━━━ Supplied records ━━━
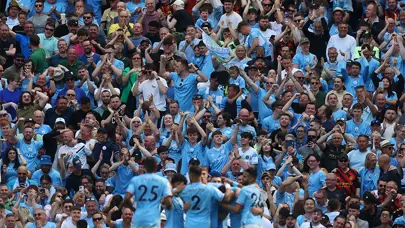 Şampiyon Manchester City taraftarına galibiyetle veda etti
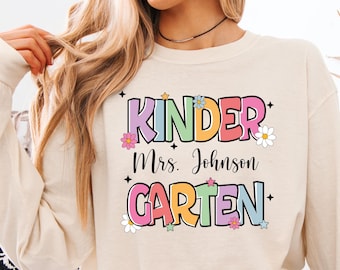 Personalisierte Kindergärtnerin Shirt, Benutzerdefinierte Zurück zu Schule T-Shirt, Lehrer Name Shirt, Geschenk für Kindergärtnerin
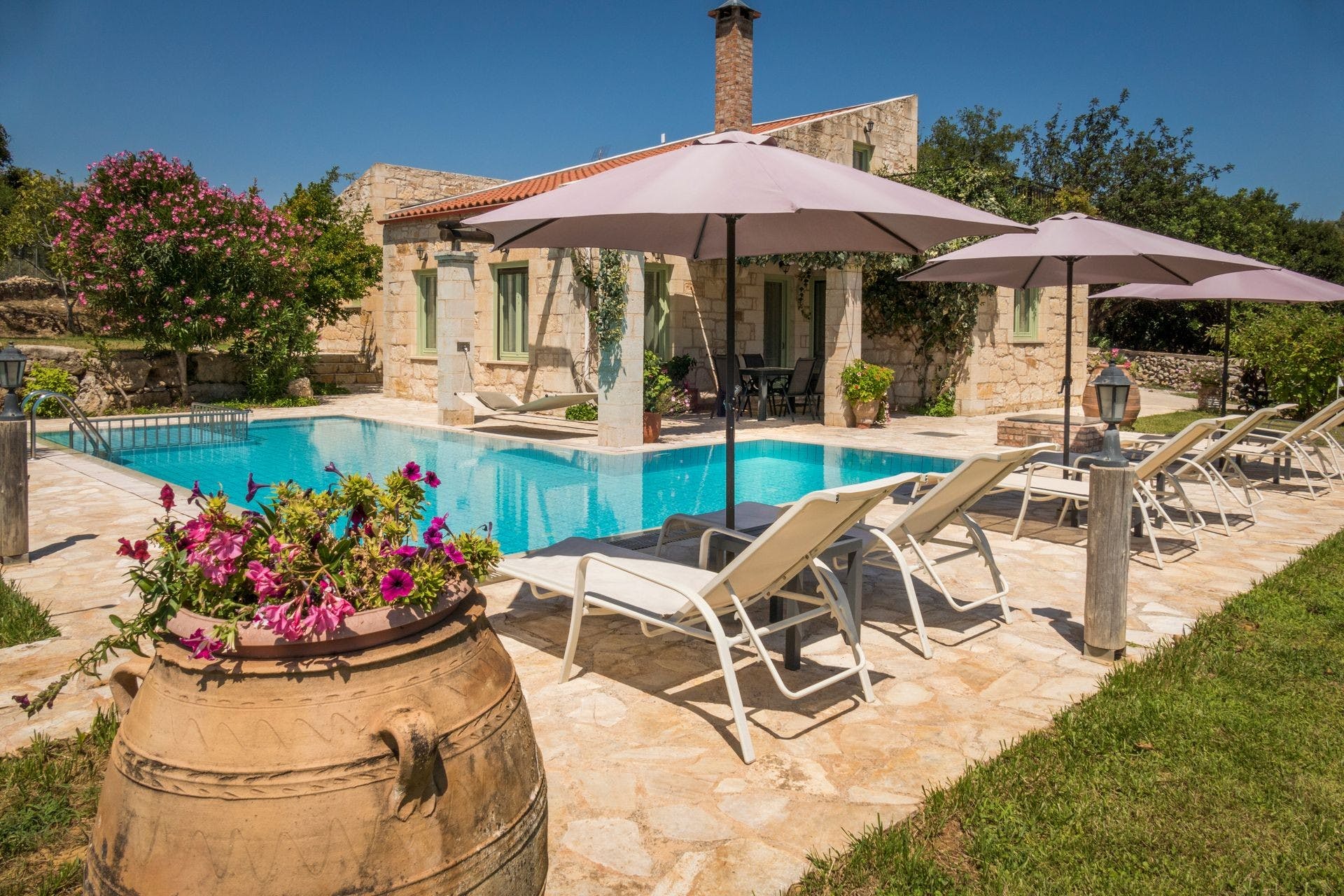 Villa Kyanos Keras Kokkino Chorio: Luxury 4-Bedroom Villa with Private Pool and Spa in Kokkino Chorio, Crete
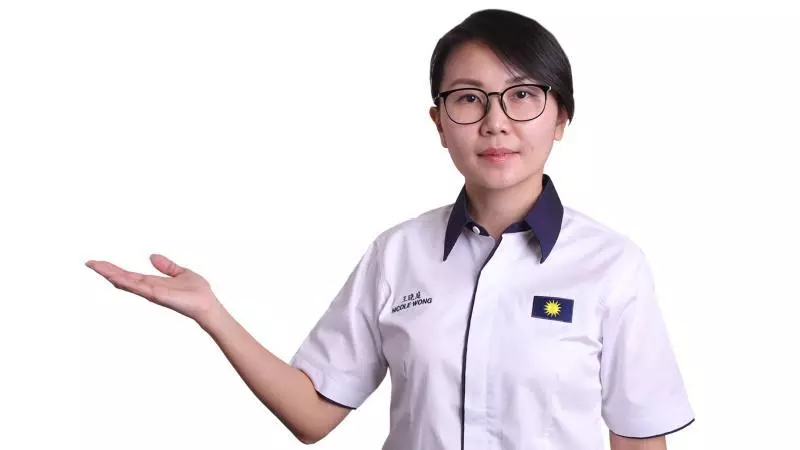 《最新驚爆》馬華美女【再次出聲】這次挑戰行動黨領袖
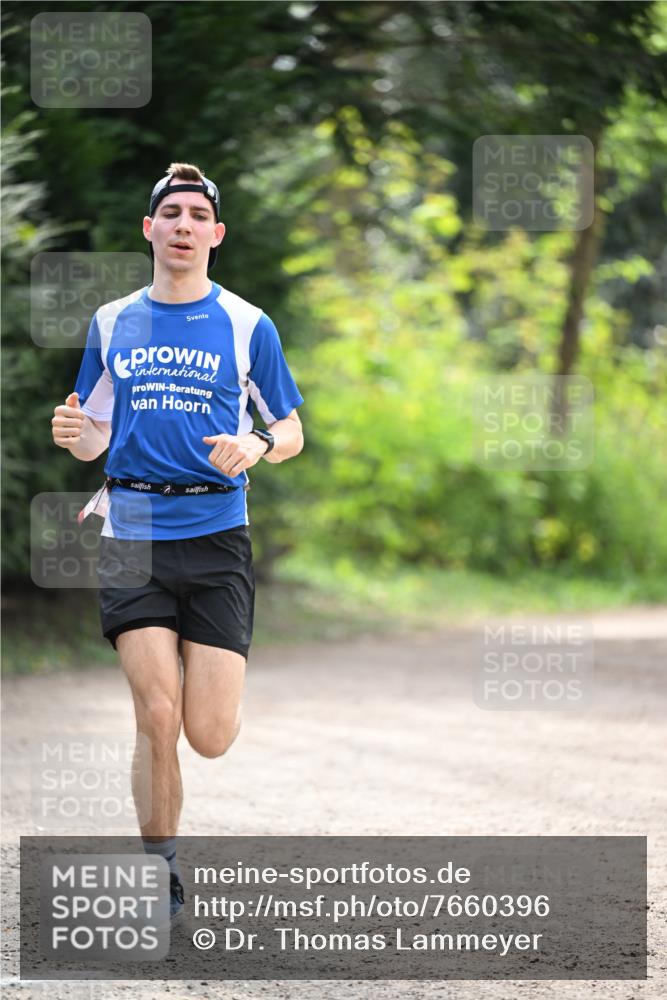 13.04.2025 - Hammer Lauf Dr. Thomas Lammeyer http://msf.ph/oto/7660396 13.04.2025 11:23:55 Laufen  meine-sportfotos.de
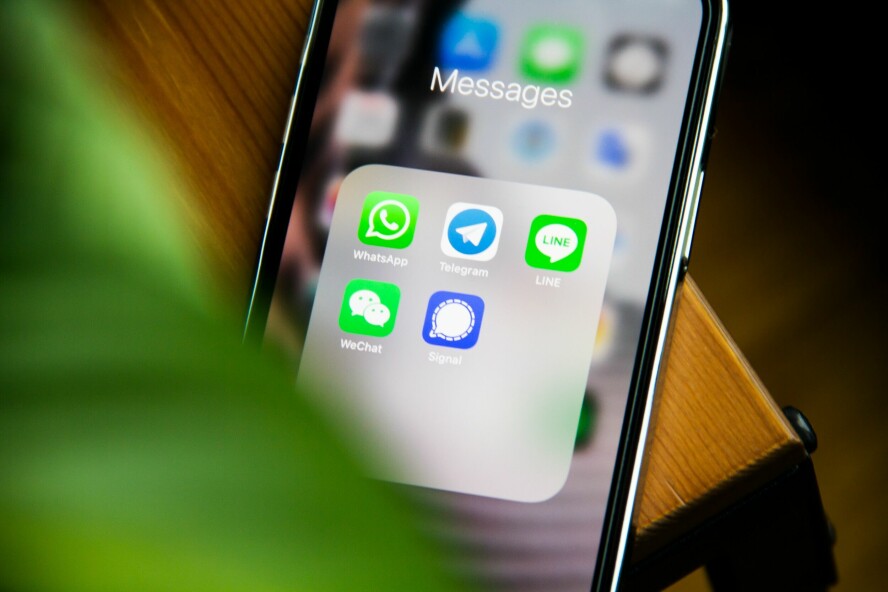 EU vil at alle meldingstjenester må overvåke meldinger på jakt etter overgrepsmateriale - selv meldinger som er kryptert. 📸: Adem AY / Unsplash
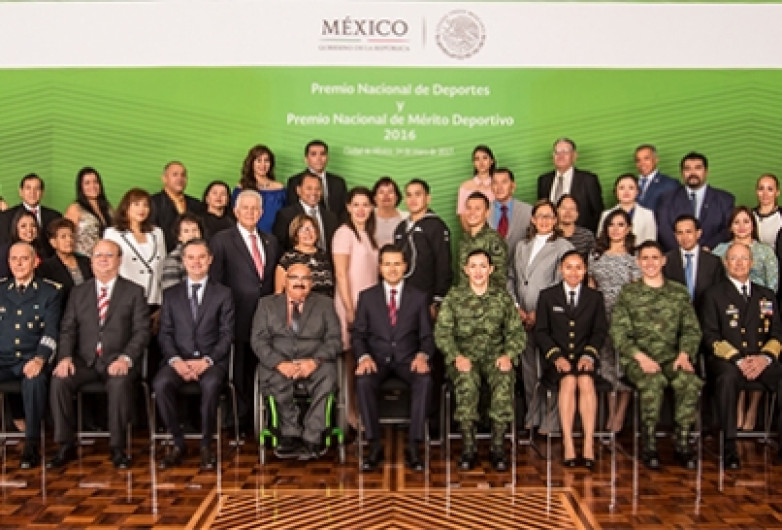 México enfrenta retos y sortea adversidades en unidad, afirma Peña Nieto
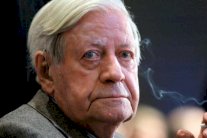 وفاة المستشار الالماني الأسبق هلموت شميت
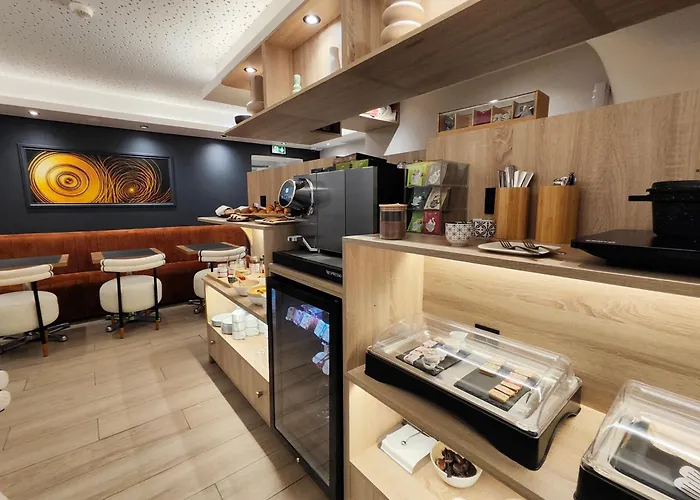 55 Montparnasse Hotel 3*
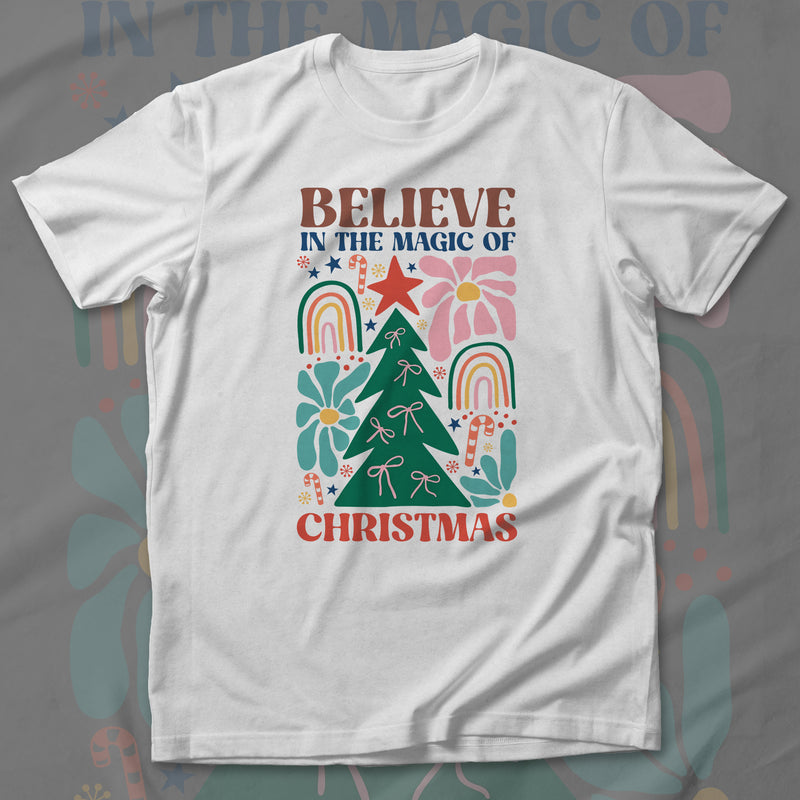 Believe In The Magic - T-Shirt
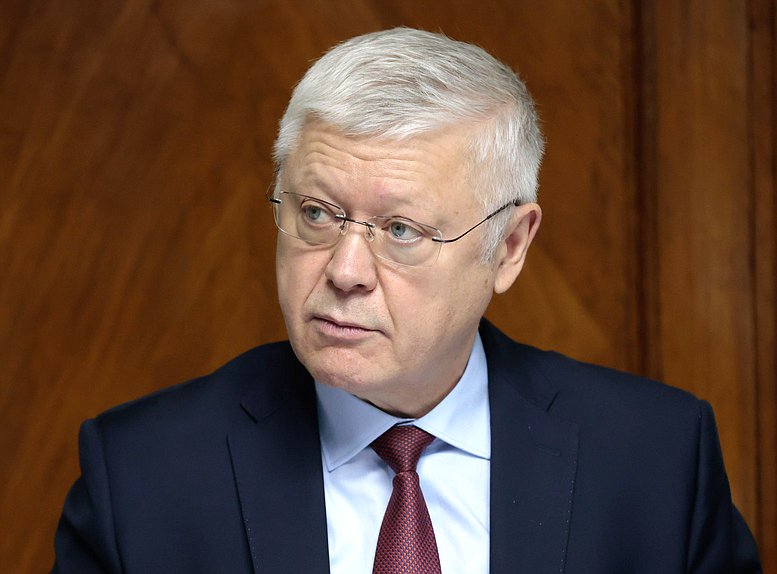 Председатель Комитета по безопасности и противодействию коррупции Василий Пискарев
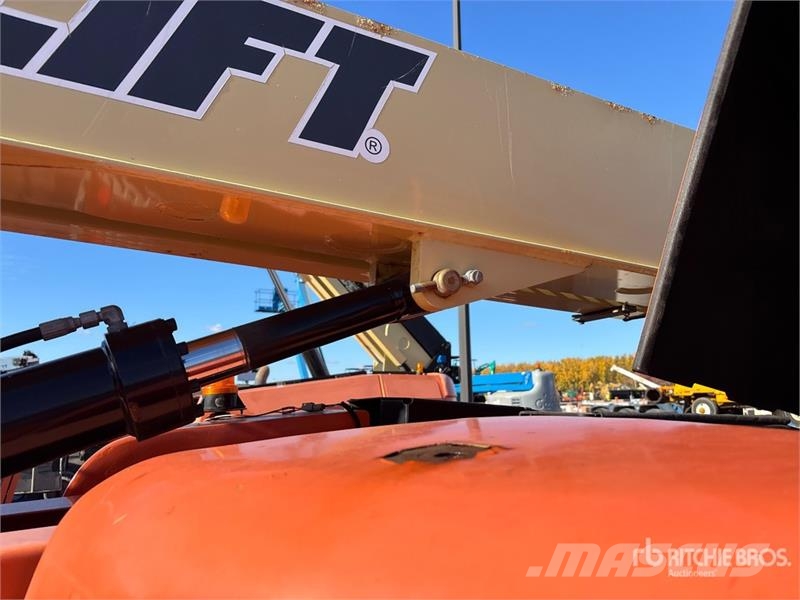 JLG 600AJ 4WD Dual Fuel Articulating Boom Lift Articulated boom lifts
━━━
Required work ▸
All lines from the one containing "13.04.2025 - Hammer" to the last line of the records above, both included, need to be repeated word for word; omit the pictures.

Reply to the task ▸
 13.04.2025 - Hammer Lauf Dr. Thomas Lammeyer http://msf.ph/oto/7660396 13.04.2025 11:23:55 Laufen  meine-sportfotos.de
 EU vil at alle meldingstjenester må overvåke meldinger på jakt etter overgrepsmateriale - selv meldinger som er kryptert. 📸: Adem AY / Unsplash
 México enfrenta retos y sortea adversidades en unidad, afirma Peña Nieto
 وفاة المستشار الالماني الأسبق هلموت شميت
 55 Montparnasse Hotel 3*
 Believe In The Magic - T-Shirt
 Председатель Комитета по безопасности и противодействию коррупции Василий Пискарев
 JLG 600AJ 4WD Dual Fuel Articulating Boom Lift Articulated boom lifts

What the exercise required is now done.